Illumina will pay $9.8 million to settle accusations that products provided to the US government were affected by cybersecurity flaws.

Gene sequencing giant Illumina has agreed to pay $9.8 million to settle accusations that products provided to the US government were affected by cybersecurity vulnerabilities, the Justice Department announced last week.

Illumina has been accused that between 2016 and 2023 it sold to federal agencies genomic sequencing systems that were affected by vulnerabilities. 

The company allegedly also lacked a proper security program and the means to identify and address such vulnerabilities.

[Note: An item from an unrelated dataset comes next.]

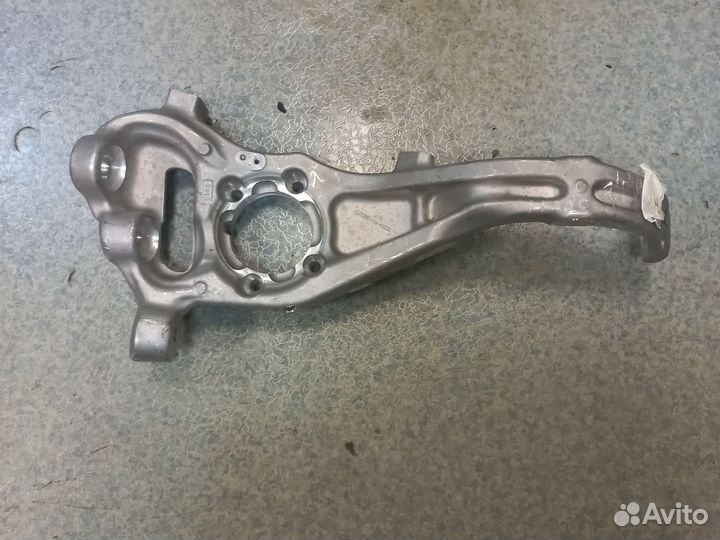 Поворотный кулак Мерседес GT x290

The government said Illumina failed to incorporate cybersecurity into the lifecycle of its products, failed to allocate sufficient resources to product security, failed to patch design features introducing vulnerabilities, and falsely claimed that its software adhered to cybersecurity standards.

The cybersecurity agency CISA issued an advisory to notify organizations about vulnerabilities in Illumina products, specifically the Local Run Manager, in 2022. The agency warned at the time that the flaws could be exploited by a remote, unauthenticated attacker to take over the product.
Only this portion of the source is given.